Solche nächtlichen Diskussionen kennen wohl die meisten. Zwei, drei Bierchen wurden schon getrunken. Der Abend ist fortgeschritten, am nächsten Morgen warten Lohnarbeit und andere Pflichten. Und trotzdem kann so ein Bar-Gespräch zwischen Freund*innen endlos weiterlaufen, um Sorgen zu teilen oder sich gegenseitig zuzuhören bei all diesen fiesen Alltagshürden: zu hohe Mieten und zu wenig Lohn, zu wenig Zeit und zu viel Arbeit, überall Sexismus und Rassismus.
Julia Fritzsche erwähnt das, um zu verdeutlichen, was für ein solidarisches Uhrwerk der Mensch doch ist, eines, das auf seinen Nächsten angewiesen ist, eben kein Homo oecomicus, wie sie in ihrem Buch untermauert.

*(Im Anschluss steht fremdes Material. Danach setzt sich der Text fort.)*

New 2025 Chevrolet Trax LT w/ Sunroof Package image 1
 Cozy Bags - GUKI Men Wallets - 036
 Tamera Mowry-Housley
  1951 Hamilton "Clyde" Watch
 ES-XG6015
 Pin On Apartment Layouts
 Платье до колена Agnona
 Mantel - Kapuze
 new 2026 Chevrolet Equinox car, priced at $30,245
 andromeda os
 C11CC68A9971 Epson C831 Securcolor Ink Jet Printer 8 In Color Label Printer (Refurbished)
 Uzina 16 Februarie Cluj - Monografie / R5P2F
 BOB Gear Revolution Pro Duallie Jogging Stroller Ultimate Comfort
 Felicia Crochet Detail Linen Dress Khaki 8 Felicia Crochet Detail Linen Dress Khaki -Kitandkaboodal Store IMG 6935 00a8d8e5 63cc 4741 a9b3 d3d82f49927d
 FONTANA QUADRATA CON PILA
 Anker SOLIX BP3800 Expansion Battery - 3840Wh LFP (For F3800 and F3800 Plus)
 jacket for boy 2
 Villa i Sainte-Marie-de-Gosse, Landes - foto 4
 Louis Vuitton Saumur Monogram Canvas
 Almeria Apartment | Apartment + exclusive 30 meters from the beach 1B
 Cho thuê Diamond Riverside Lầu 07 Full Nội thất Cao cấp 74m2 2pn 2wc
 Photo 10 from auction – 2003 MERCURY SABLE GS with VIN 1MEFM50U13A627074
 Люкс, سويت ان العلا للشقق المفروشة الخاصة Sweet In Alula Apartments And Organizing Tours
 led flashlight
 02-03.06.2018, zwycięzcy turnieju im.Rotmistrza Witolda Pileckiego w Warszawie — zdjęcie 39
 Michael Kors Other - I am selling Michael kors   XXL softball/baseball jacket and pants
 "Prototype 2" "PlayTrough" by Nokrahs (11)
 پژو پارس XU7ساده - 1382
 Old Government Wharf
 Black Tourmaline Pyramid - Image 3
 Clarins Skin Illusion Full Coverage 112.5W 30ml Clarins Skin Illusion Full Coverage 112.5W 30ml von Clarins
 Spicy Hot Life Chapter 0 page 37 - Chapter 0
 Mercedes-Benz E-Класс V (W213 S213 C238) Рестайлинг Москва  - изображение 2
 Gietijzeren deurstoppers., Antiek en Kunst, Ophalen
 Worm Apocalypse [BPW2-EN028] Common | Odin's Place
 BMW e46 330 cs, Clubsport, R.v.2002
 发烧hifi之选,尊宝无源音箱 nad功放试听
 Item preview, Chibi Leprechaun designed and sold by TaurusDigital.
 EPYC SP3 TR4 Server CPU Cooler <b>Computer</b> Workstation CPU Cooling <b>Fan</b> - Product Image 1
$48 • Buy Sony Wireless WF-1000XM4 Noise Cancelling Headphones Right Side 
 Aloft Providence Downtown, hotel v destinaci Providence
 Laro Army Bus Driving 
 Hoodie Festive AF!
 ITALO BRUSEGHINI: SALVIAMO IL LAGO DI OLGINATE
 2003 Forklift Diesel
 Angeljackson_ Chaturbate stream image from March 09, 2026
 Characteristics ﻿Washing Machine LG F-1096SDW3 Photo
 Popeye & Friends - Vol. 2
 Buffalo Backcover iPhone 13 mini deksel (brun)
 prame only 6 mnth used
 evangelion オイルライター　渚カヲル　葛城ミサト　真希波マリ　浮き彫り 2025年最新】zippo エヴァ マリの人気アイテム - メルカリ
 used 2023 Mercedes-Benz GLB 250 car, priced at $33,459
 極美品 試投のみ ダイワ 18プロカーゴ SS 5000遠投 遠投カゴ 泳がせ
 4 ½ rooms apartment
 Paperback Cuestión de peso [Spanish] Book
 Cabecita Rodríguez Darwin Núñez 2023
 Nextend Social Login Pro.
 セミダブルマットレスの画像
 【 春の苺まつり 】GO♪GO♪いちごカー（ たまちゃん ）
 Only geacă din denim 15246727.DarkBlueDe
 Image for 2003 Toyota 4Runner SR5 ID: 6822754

Denn dafür bewies die Journalistin selbst ein offenes Ohr, in dem sie weltweit mit Protestierenden aus sozialen Bewegungen sprach: Öko-Aktivist*innen, Feministinnen, Indigenen in den Anden oder streikenden Pflegekräften an der Berliner Charité.
Herausgekommen ist ein Cross-Over aus Reportage und Analyse „Tiefrot und radikal bunt. Für eine neue linke Erzählung“. Bei ihrer Buchvorstellung im Bahnhof Langendreer musste die Autorin dafür zunächst die Versatzstücke des langen Titels erläutern. Das beginnt beim Begriff der „Erzählung“. Der Philosoph Jean-François Lyotard klingt natürlich an, der die großen Meta-Erzählungen wie Aufklärung oder Klassenkampf auf dem Müllhaufen der Geschichte sah.
Doch gerade liberale und individualistische Erzählmuster werden in Film und Popkultur immer wieder recycelt: von Neu-Aufgüssen des American Dreams bis hin zur Ideologie, den Körper für den Arbeitsmarkt zu stählen. Alles nach dem Motto: Jeder ist seines eigenen Glücks Schmied. „Diese Geschichte, dass es jeder schaffen kann, stimmt natürlich nicht“, sagt Fritzsche. „Nur noch die FDP traut sich, das zu erzählen.“ Ebenso virulent: das rechte Narrativ, nach dem Migrant*innen Überfremdung anstiften, entweder populistisch oder direkt völkisch.
Fritzsche will dagegen die Geschichten hochhalten, die Emanzipationsmöglichkeiten aufzeigen. Was wiederum zu den anderen Begriffen führt: „bunt“ wie queere Protestformen mit der bekannten Regenbogenfahne. Und „tiefrot“ wie die linke „Frage nach der Ökonomie und der Arbeiterklasse“, so Fritzsche. Beides versucht sie zusammenzudenken – natürlich ohne die altlinke Formel von Haupt- und Nebenwidersprüchen.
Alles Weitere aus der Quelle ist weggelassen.